And confusing. Over at the New York Times, Emily Bazelon has a humongous take on freedom of speech in the era of “Big Tech”, though working my way through umpteen thousand words of vaguely authoritarian liberal hand-wringing over what we should do about people who say things Ms. Bazelon doesn’t want to hear (and doesn’t want you to hear) is definitely not my cup of tea, so I skimmed the whole, concluding that while Emily thankfully doesn’t have the nerve to come down outright in favor of outright censorship, she sure thinks “something” needs to be done and she sure wishes someone would do something about it. Not “punchy”, I know, but not outright repulsive either.

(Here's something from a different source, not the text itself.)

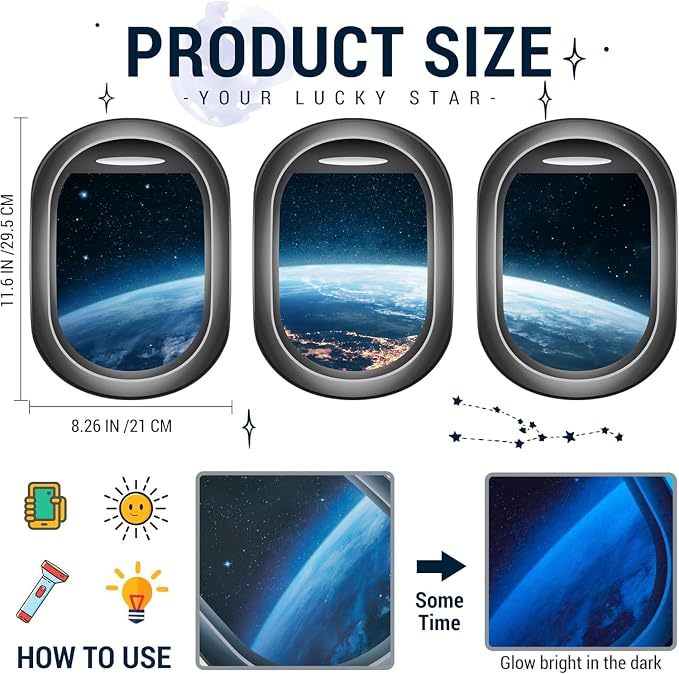 Quanhaigou Glow in The Dark 3D Space Wall Decals, Set of 3 Galaxy Window Stickers for Wall,Planet Themed Room Decor for Kids Boys - Image 3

But Emily, like so many liberals, can’t understand why everyone doesn’t think like her, and so she goes looking for, well, conspiracies, though she carefully doesn’t connect the dots. She’s just reporting the facts, that’s all, a heterogeneous collection of, I guess, just about everything she’s read on the subject over the last year or two, coming out vaguely in favor of something that will stop “misinformation”, which, clearly, I think is a terrible idea. The idea that any issue can be resolved by looking at “the facts” is ridiculous, because there are so many of them, so many ways of organizing them, and so many different ways of assigning significance to each. Ms. Bazelon is, unsurprisingly, very impatient with those who “deny” climate change. But one can acknowledge that the earth is getting warmer, and that human behavior is contributing significantly to that warmth, and still reject the “solutions” offered by the standard-issue liberalism that is the sum and substance of Emily’s thought. There is plenty in Rachel Carson’s seminal text of environmentalism, Silent Spring, that constitutes “misinformation”, as this 2012 article in Reason magazine by Ron Bailey demonstrates. More recently, Ron has examined a new report on the environment from the United Nations, Human Cost of Disasters, examining the same data and coming to conclusions opposite those of the report’s authors. From whom would Emily “protect” us?
UPDATE
Continuing my Reason kick (those guys get everything right except the economics), Elizabeth Nolan-Brown has a “real time” take on “misinformation” issues that is both more pithy and more prescient than Emily's.